I haven't been posting much for a while mainly due to getting involved in another project that requires time and planning as well, not that it matters much in general since you will barely ever find something highly philosophical or mind enriching here anyways. From time to time I grasp enough motivation to come up with a poem after a particular word has been spinning in my head. The below would probably classify easily as midlife crisis engagement as I am nearing my 29th birthday in a few weeks, but I tend to see the positive aspect despite being a big fan of the "Grumpy Cat".
So what does the above have to do with the title of this blog entry? One of my favorite sayings is the following:
"I am a nobody on the way to become a somebody and earn the respect of everybody that matters."
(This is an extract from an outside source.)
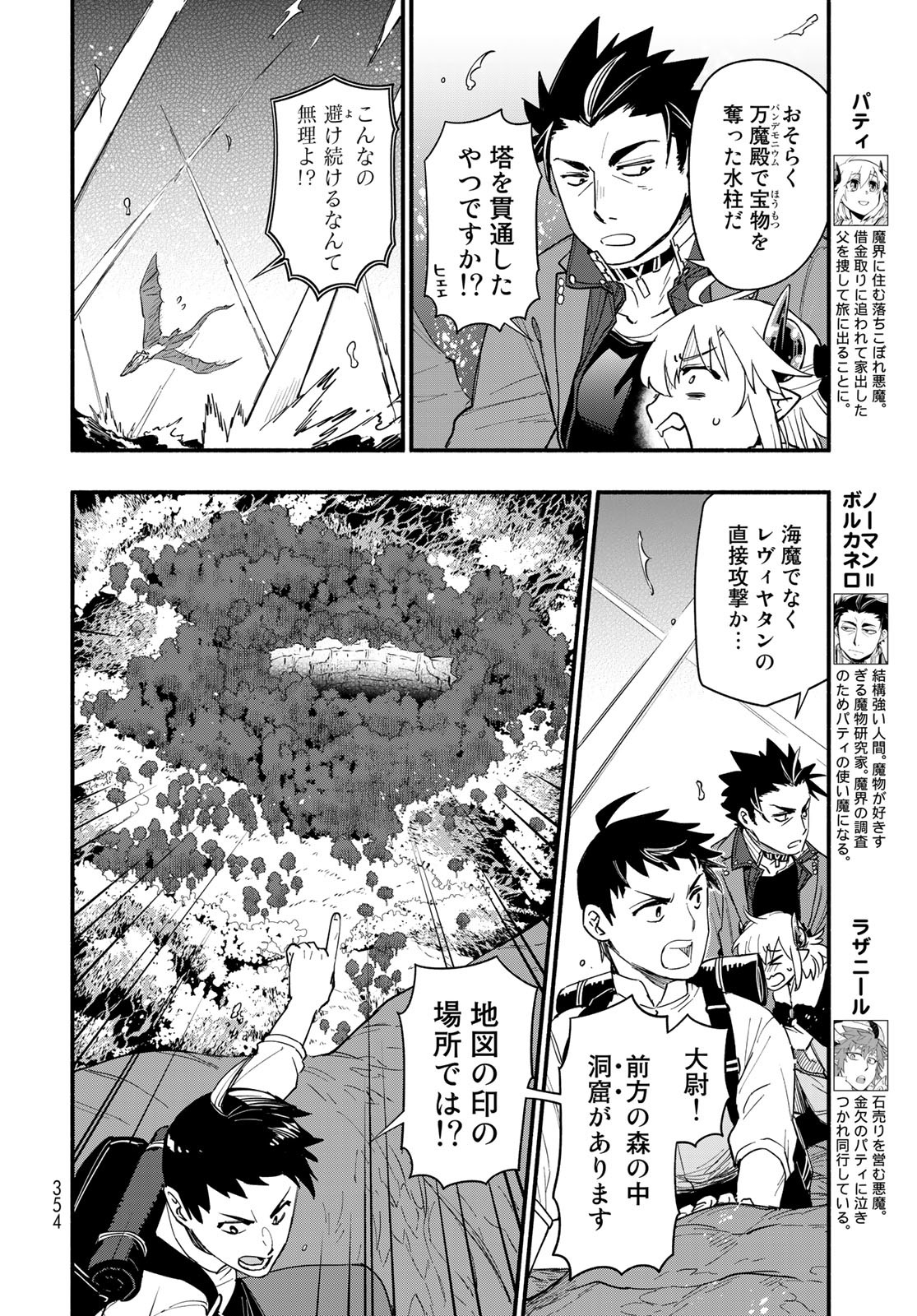 Uchi no Tsukaima ga Sumimasen Chapter 71 page 4 - nihonkuni.com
Though I am not 100% sure where I picked it up, one could say that describes my mindset a lot of times. So far I have not really earned any respect or reputation that I personally think is of any significance yet and stick to do what I know best ... work. This probably sounds more dramatic than it actually is and surely a psychologist would immediately come up with a bizarre assumption what must have gone wrong in my childhood.
I rather see myself as pessimistic optimist that tends to have a dark humor and some people like it whereas others are easily disgusted. Personally I am convinced that I by far have not used my potential or skills yet, due to laziness and trying to push back responsibility for my own actions.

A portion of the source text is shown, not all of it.